I tried watching it and gave up duringv the many prison break outs.  Loved the old show but the movie seemed to go for the obvious humor or plot point at every turn and one huge action scene after another that felt tacked on rather than plot driven.  The director had a couple really nice shots that shows some talent and promise, he needs a better editor and writer though.


----------



## LuckyKBoxer (Jan 3, 2011)

Ah I go into all these movies expecting mindless fun.
I mean seriously what could be more fun then the whole Parachuting Tank scenario?


----------



## Omar B (Jan 3, 2011)

I hear that man, as I said my problem with the movie was not the awesomeness of the action scenes.  It's like The Losers, another movie I thought would rule because I love the comic, but what you got was many awesome action scenes and not much else.


----------



## Gaius Julius Caesar (Feb 15, 2011)

Big Don said:


> My son got it for Christmas and I finally got around to watching it.
> While I did enjoy it, as a fan of the TV Show, which I grew up watching, I have a few issues.
> They didn't KNOW each other?! WTF?!
> Rangers?! They were NOT Friggin Rangers!
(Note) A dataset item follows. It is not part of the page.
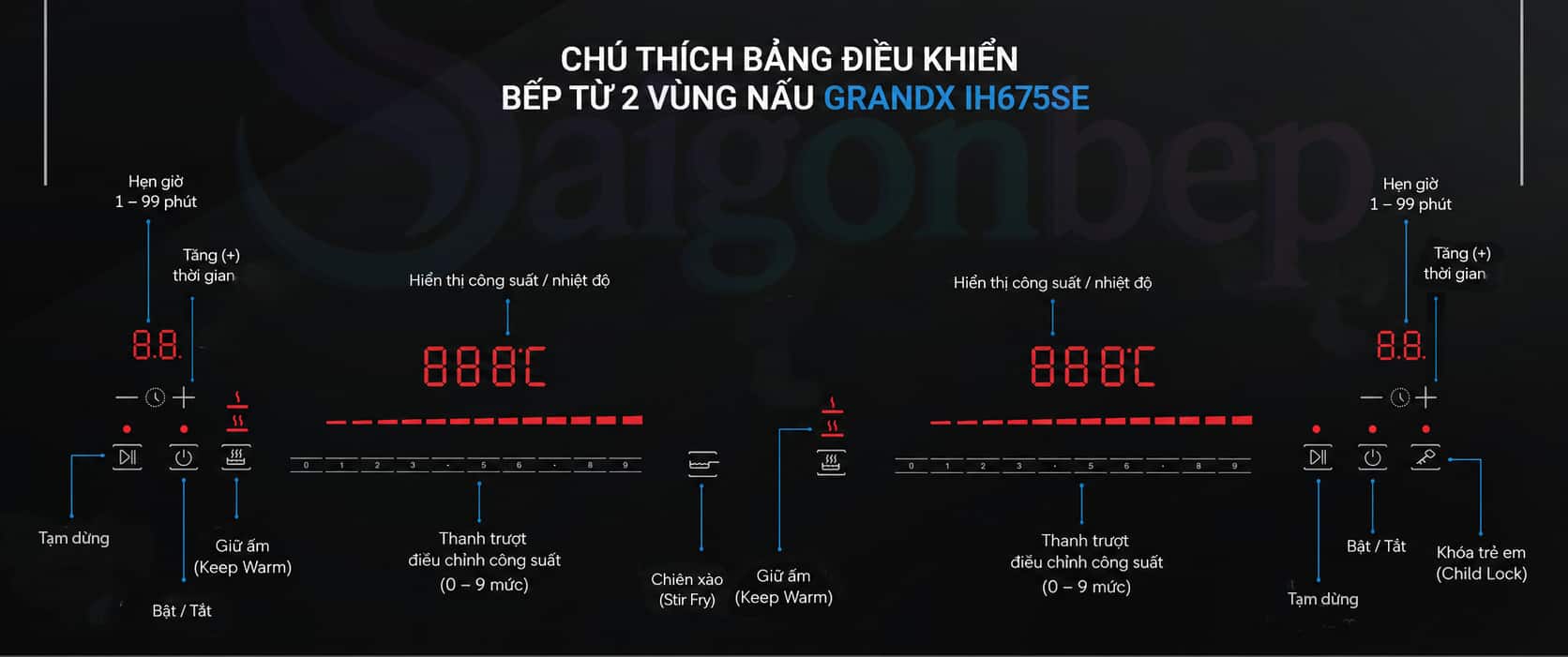 chú thích bảng điều khiến bếp GX IH675SE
Not that there is anything wrong with Rangers, but, there is a BIG difference between Rangers and Special Forces.
> ...


 
 Watch again, at the trial they all had SF flashes, meaning they all went SF after that first Op, so by the time they were in Iraq they were all SOCOM.

And hey it's the A-Team, it aint real, just fun.

 I liked how Hannibal used the Old Ruger Mini 14 from the show.

 And again Murdoch is not afraid to kill from time to time, he was the only guy on the show I saw draw down on an enemy and hit him in the chest. It was on 1 show in the 3rd season if I remeber right.

 It was cool that Dwight Shultz and Dirk Bennidict did cameos.

 We watch RTV alot at my house and my 8 year old loves the old A-Team and Airwulf re runs, just like I did as a kid.


----------



## Big Don (Feb 15, 2011)

Gaius Julius Caesar said:


> Watch again, at the trial they all had SF flashes, meaning they all went SF after that first Op, so by the time they were in Iraq they were all SOCOM.


 Which is wrong on a different level, because if they were Rangers they would have had Ranger Tabs also.





> And hey it's the A-Team, it aint real, just fun.


 I know, but, as a fan of the original, it kind of pissed me off to see such a glaringly obvious errors





> I liked how Hannibal used the Old Ruger Mini 14 from the show.
> 
> And again Murdoch is not afraid to kill from time to time, he was the only guy on the show I saw draw down on an enemy and hit him in the chest. It was on 1 show in the 3rd season if I remeber right.
> 
> ...


----------